With the 2018 midterm elections approaching, the role of money in politics once again looms large in American political discourse. For many, shadowy super PACs, mega-donors, and dark money stand in stark contrast to the sanctity of the individual voter. Political actors recognize and deploy this, with politicians going to great lengths to avoid seeming beholden to monied interests. This, however, is not a new issue in American politics. Fears of wealth’s influence resonated in the nineteenth century as well, as electoral combatants used accusations of purchased influence to attack their opponents’ legitimacy. Even as the Civil War loomed, such rhetoric helped shape the terms of debates over the Union’s future. We see this with particular clarity in Virginia, as Virginians wrestled with secession during the secession winter. Much as opponents of slavery had long accused the “Slave Power” of wielding undemocratic political influence, those combating secession summoned fears of slave money (particularly that spent in the political arena by slave traders) to undercut disunion’s democratic legitimacy and to bolster the Union.

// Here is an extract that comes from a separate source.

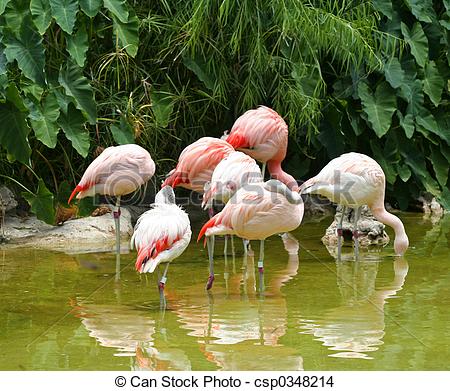 Chilean Flamingo clipart #16, Download drawings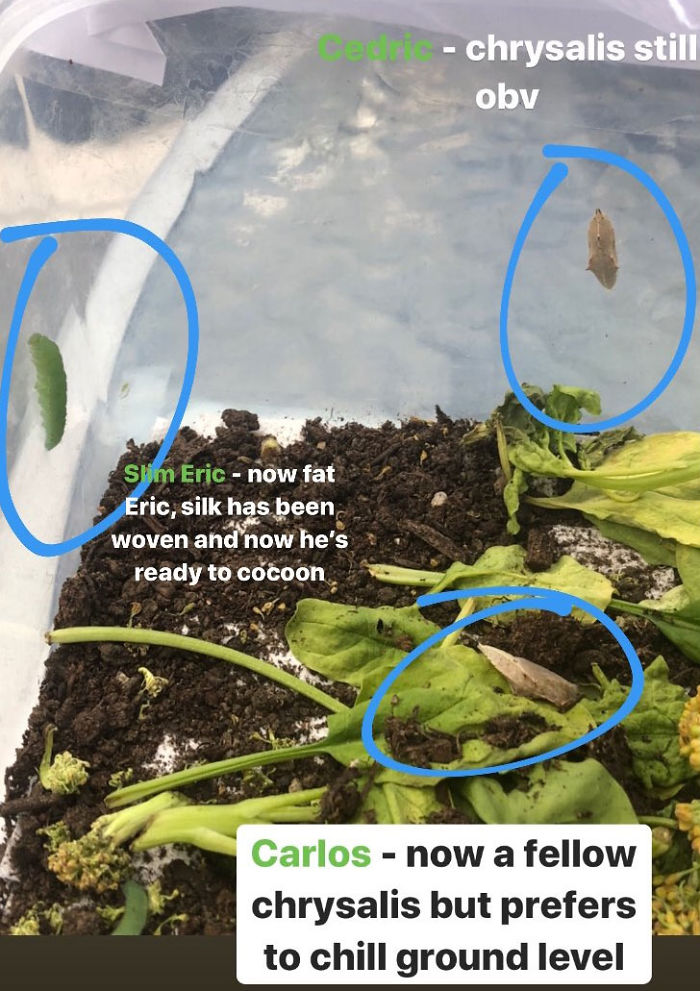 Guy Finds Caterpillars In Tesco Broccoli, Decides To Raise Them Into Butterflies And Documents The Entire Process Guy Finds Caterpillars In Tesco Broccoli, Decides To Raise Them Into Butterflies And Documents The Entire Process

Slave traders and their political influence had long been an obvious rhetorical target. As the most obviously odious of all the actors within the slave system, they could be (and were) attacked with particular venom. And connection to them and their ill-gotten gains could prove damning. In 1844, Horace Greeley blamed slave traders for Martin Van Buren’s defeat in that year’s Democratic Convention, citing their desire to see Texas annexed in order to increase the prices of the enslaved, while in the 1850s a Stephen Douglas mouthpiece attacked a rival as the “the nigger traders’ candidate for President” for opposing homestead legislation. Linkages to slave commerce—and to the money generated therefrom—was a potent rhetorical tool in the parlance of the antebellum United States.
In 1860 and 1861, as state conventions assembled to debate secession, the possibility that slave traders’ lucre might influence the course of gained heightened significance. Such fears had considerable credibility even within slave states where Unionist delegates hailing from regions with lower enslaved populations clashed with their counterparts from the plantation belts.